__Activity__: Leave the pictures out, and repeat exactly every line from the one with "FreckledRED - Pooping Compilation" through the end of the data below.
Data to examine Start Marker
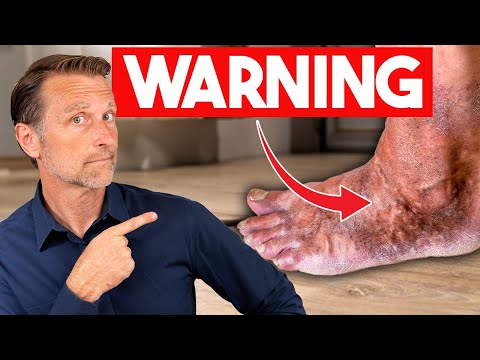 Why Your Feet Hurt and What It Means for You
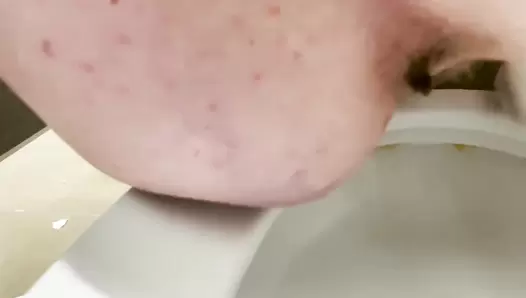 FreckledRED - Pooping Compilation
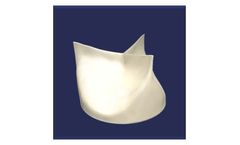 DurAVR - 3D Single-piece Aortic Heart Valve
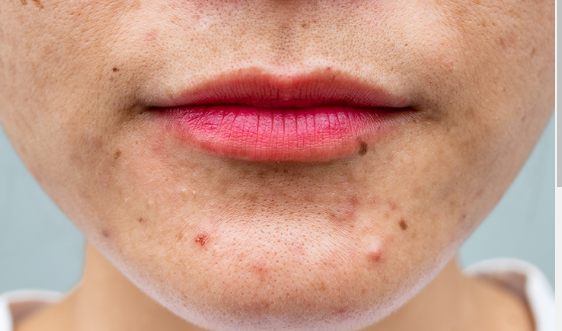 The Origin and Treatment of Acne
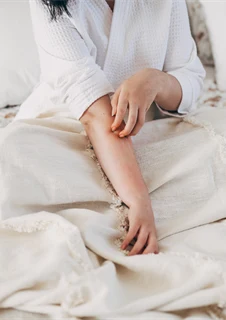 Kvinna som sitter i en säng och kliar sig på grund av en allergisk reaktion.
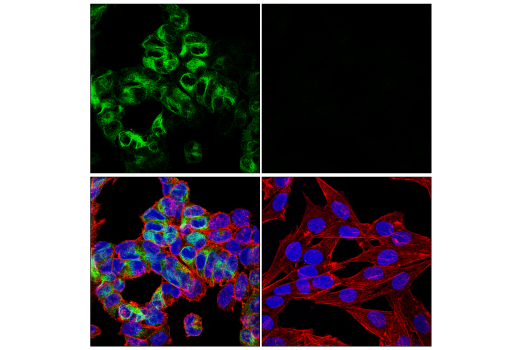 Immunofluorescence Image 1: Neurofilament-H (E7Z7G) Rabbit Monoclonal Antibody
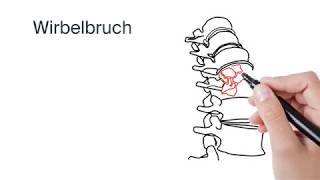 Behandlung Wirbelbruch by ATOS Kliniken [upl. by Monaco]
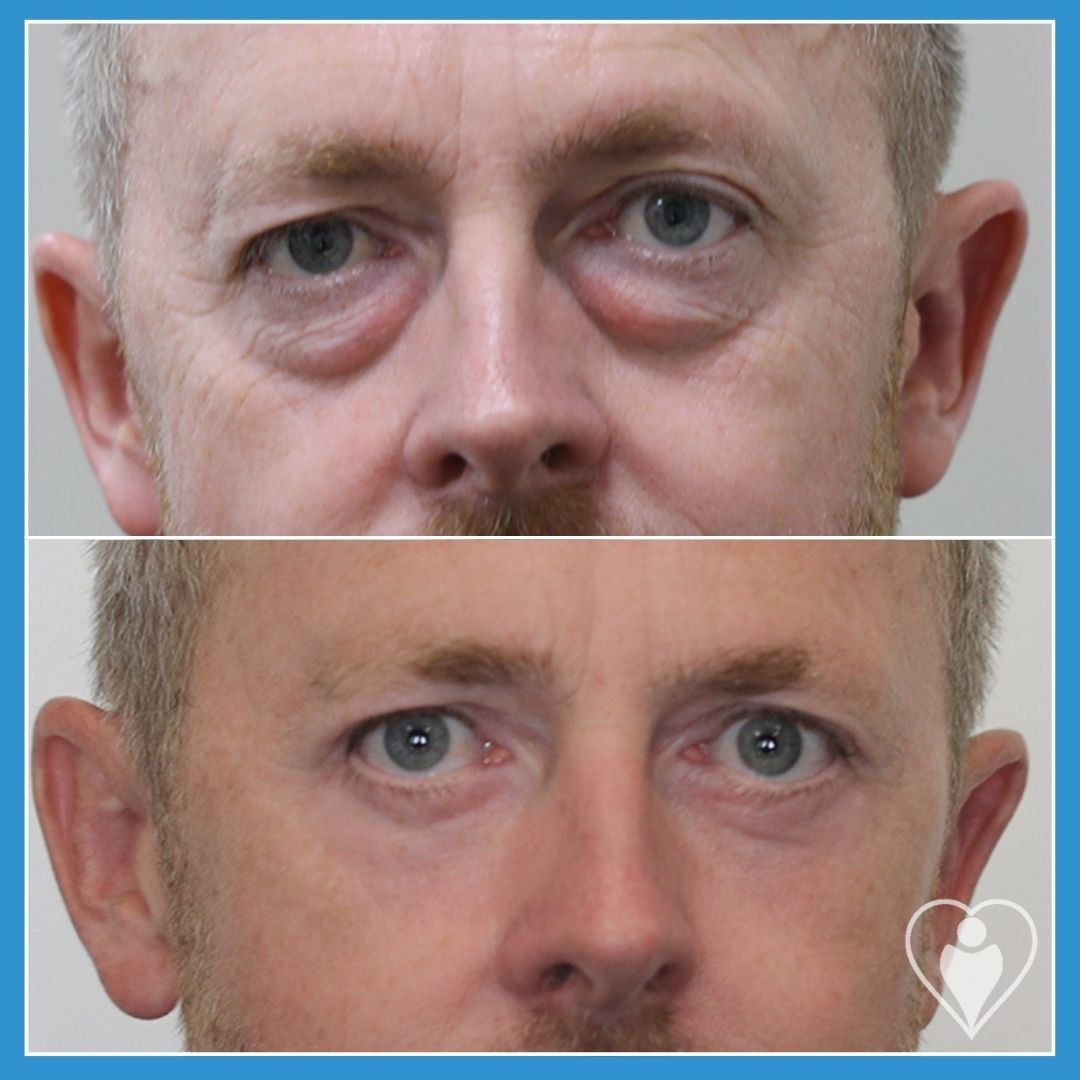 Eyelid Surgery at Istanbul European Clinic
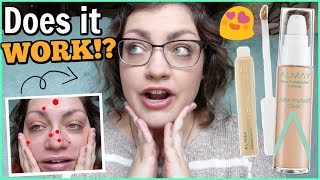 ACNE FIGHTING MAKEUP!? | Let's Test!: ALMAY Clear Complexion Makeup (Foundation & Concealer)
Data to examine End Marker
__Exercise output__:
 FreckledRED - Pooping Compilation
 DurAVR - 3D Single-piece Aortic Heart Valve
 The Origin and Treatment of Acne
 Kvinna som sitter i en säng och kliar sig på grund av en allergisk reaktion.
 Immunofluorescence Image 1: Neurofilament-H (E7Z7G) Rabbit Monoclonal Antibody
 Behandlung Wirbelbruch by ATOS Kliniken [upl. by Monaco]
 Eyelid Surgery at Istanbul European Clinic
 ACNE FIGHTING MAKEUP!? | Let's Test!: ALMAY Clear Complexion Makeup (Foundation & Concealer)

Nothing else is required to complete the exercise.